Trovo interessante questa verifica personale di come gli effetti da manuale si ripercuotono implacabili su di me, il maestro Battiato aveva ammonito che i desideri non invecchiano con l’età, ma tant’è. Come in tutte le sindromi di innamoramento, il soggetto concupito risveglia memorie affettive pregresse: infantili o adolescenziali, riscopre modelli che appartengono all’imprinting iniziale e ripercorre tracce che in passato hanno procurato sensazioni positive in campo sentimentale e della gratificazione personale, le prosegue e le persegue con una scoperta non del tutto nuova, ma assolutamente meravigliosa; ogni capitolo secondo copione anche nel mio caso.
Adesso non manca che prendere il fiato e confessare l’oggetto di tanto imprevisto attaccamento: è un outing che posso riservare solo al mio blog, repositorio di tante esternazioni interiori.

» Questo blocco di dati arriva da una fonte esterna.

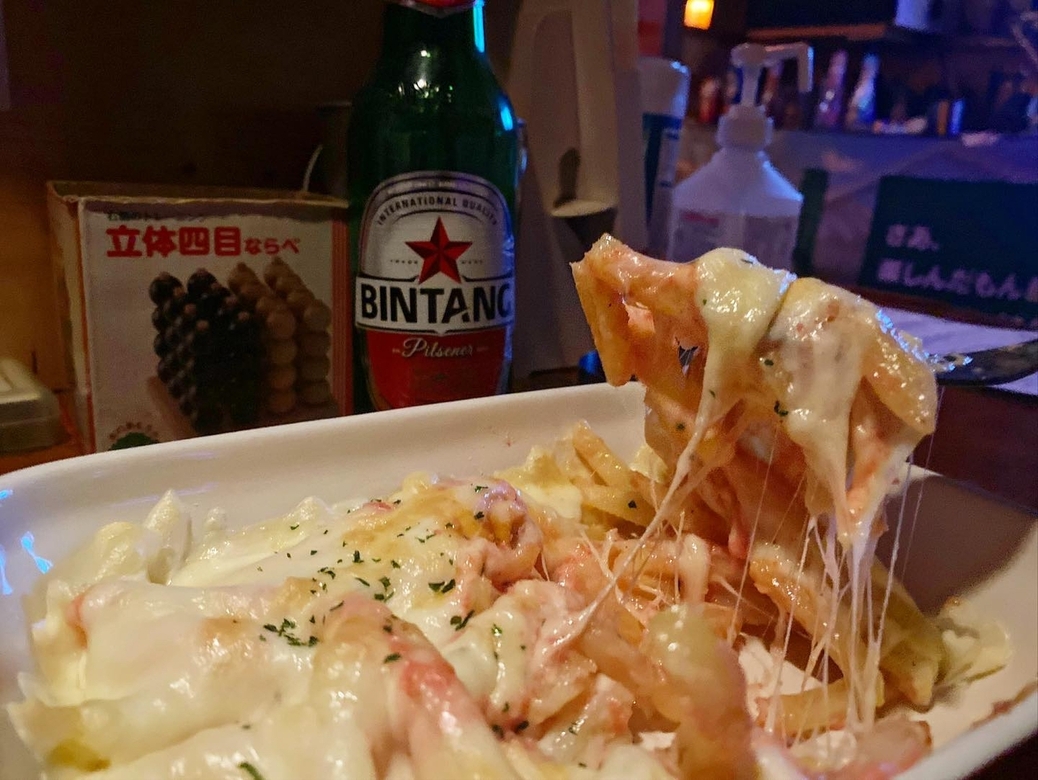 onion ポルノ 写真 : DENPASAR （デンパサール） - 三宮（神戸市営）/ダイニングバー | 食べログ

È successo, mentre approfondivo le mie conoscenze nautiche, di imbattermi nei criteri di calcolo delle rotte a lunga distanza, un sistema desueto pensionato dall’avvento dei satelliti di posizione usati per il GPS. Fatto sta che fin dall’alba dei tempi i marinai hanno escogitato sistemi di indagine via via più algebrici, con lo sguardo fisso al cielo, per approssimare sempre meglio il senso di orientamento, così da ricavare la posizione stimata anche nel mezzo di un oceano che pare essere un infinito senza punti di riferimento. Strumenti solidi come l’astrolabio prima, quindi il sestante, conditi con fiumi di tabulati delle effemeridi celesti, sono da giorni l’oggetto delle mie indagini, con una determinazione ed una curiosità che non vivevo da anni, tanto da produrre fiumi di appunti amanuensi e trascrizioni elettroniche di matematiche che mi accendono di desiderio e di concupiscenza nel possederle.

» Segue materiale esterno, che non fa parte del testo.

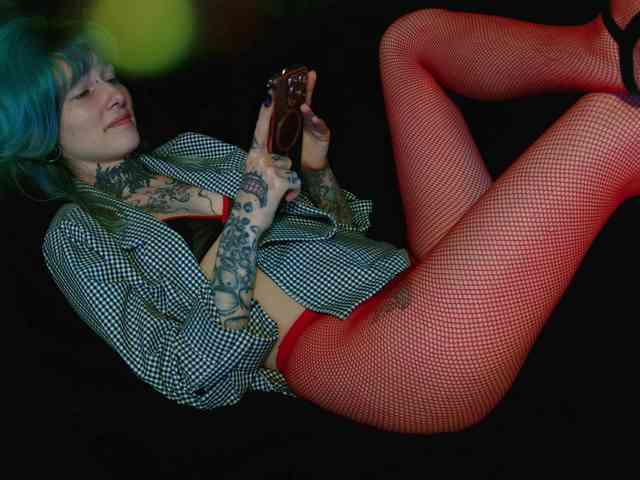 LittleSpaceMouse- webcam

Le stelle, quelle sì, segnano un primo amore da cui sono partito o tornato (non so bene), le stelle che ritornano a fare da sfondo a queste scoperte fatte di invenzioni geniali di grandi matematici, di calcoli, di approssimazioni accettabili: ci sarebbe da trarne una filosofia di vita. In queste opere d’arte io mi perdo e scopro di amarle (dopo essermene innamorato) per l’eleganza e l’armonia che raccontano, le amo con rispetto e gratitudine, percorrendo gli stessi sentieri del cielo dove altri uomini, altri marinai, hanno lasciato un’impronta ed un sorriso di gioia nel momento del ritorno alla loro isola cercata nel niente ed apparsa finalmente di prora.

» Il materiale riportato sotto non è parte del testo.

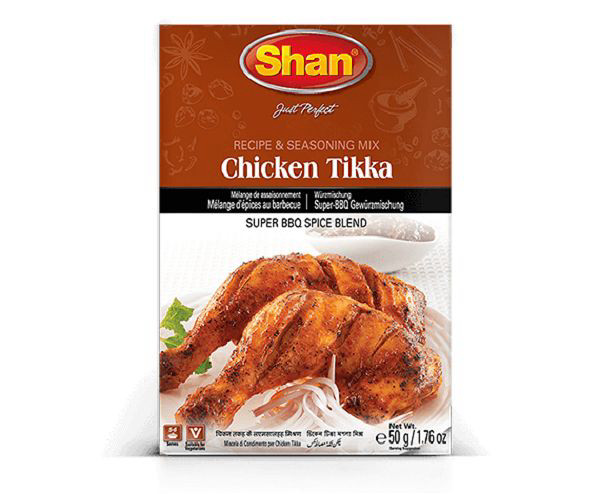 Shan Chicken Tikka  Masala 50g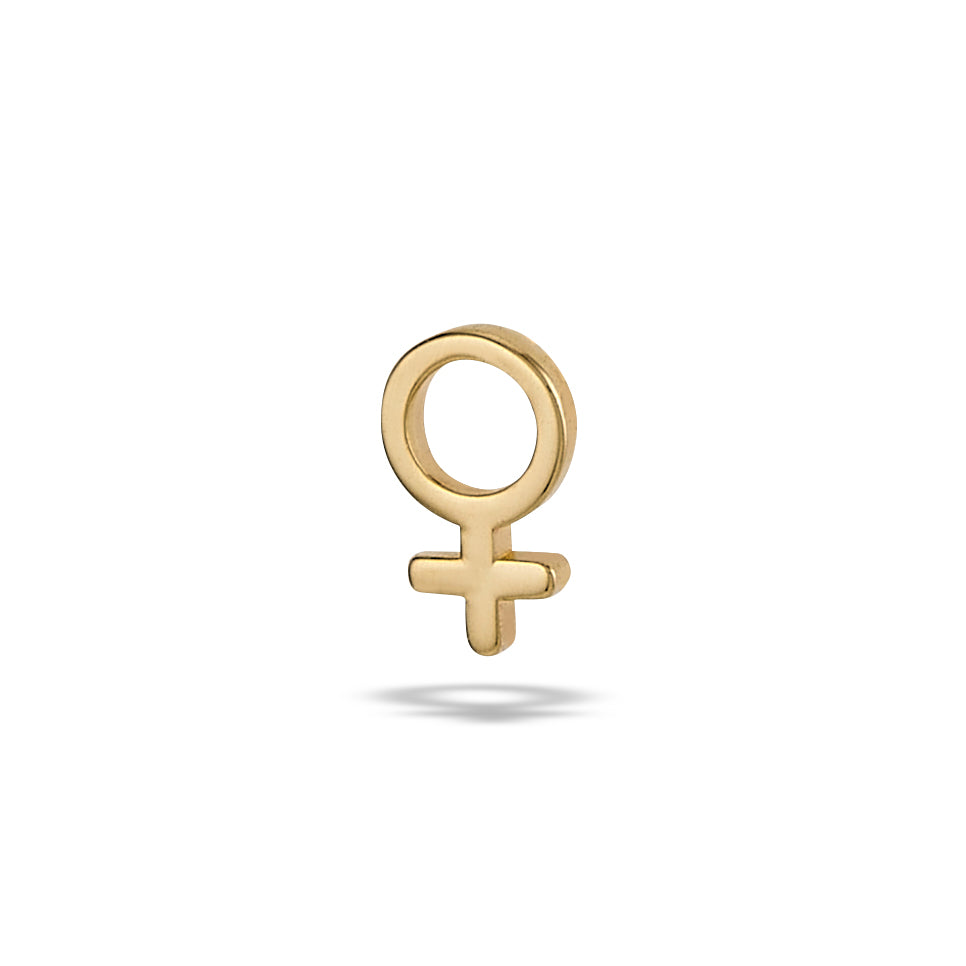 DT218 Female Symbol (6mm)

Ogni momento vuoto si riempie di elucubrazioni sulla geometria sferica, dove i triangoli abbandonano le loro proprietà cartesiane, dove la genialità delle formule di prostaferesi o le approssimazioni come quelle di haversine (o del mezzoseno) consentono di svolgere computazioni che oggi affiderei frettolosamente al potere risolutivo di una calcolatrice ed ancora di più, mea culpa, ad un foglio di calcolo elettronico, invece di lasciarle, come devono essere, condotte con mano su carta, alla vecchia maniera.
C’è qualcosa di molto umano in queste linee tracciate sulla mappa: la voglia di andare e scoprire il mondo e il desiderio ancora più ineludibile di tornare, c’è la conoscenza del mare, dei suoi venti che danno nome alle direzioni e delle correnti invisibili che turbano la linearità del sentiero, proprio come nella vita quotidiana. C’è da capire che le rotte che vediamo diritte sulla carta di Mercatore non sono le più brevi, che non si vive sul piatto (tanto meno sul piattume), ma su un universo con maggiori dimensioni, dove tutto è curvo e niente o quasi rettilineo, perfino la luce.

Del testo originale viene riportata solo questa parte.